Of course, while we thought briefly about making a moron gun, we never actually did it. Some combination of a wrist rocket (a sling shot) and water balloons loaded up with orange paint might have worked… but, it was really impractical…. we might miss the car, instead covering a pedestrian or a sign post with paint. People might just decide to fire back with their own moron guns, and then how could you trust orange splotches to indicate true morons? It was probably illegal, and certainly not even remotely safe.
So my buddies and I drove around town, making double-barreled shotgun motions at cars when they were stupid, shouting “MORON!!” Turns out that was pretty satisfying too.

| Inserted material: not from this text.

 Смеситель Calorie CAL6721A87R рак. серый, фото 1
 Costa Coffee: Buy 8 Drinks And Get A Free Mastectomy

To this day, I still do it. My kids have picked up the behavior. If somebody does something moronic on the road in front of us while we’re driving around, you might hear three or four of us all shout “moron!” while pretending to be Clint Eastwood or the Terminator. New England drivers keep us pretty busy.
So…. Why do I mention this? Well, it’s a tech thing (and decidedly not a Discovery thing).
While driving a big RV for endless miles on vacation not too long ago, I had plenty of time to contemplate idiotic behavior on the road. I realized that today’s technology may provide an actually implementable version of the moron gun, one that may reduce accidents and save lives. Or, at the least, provide massive entertainment.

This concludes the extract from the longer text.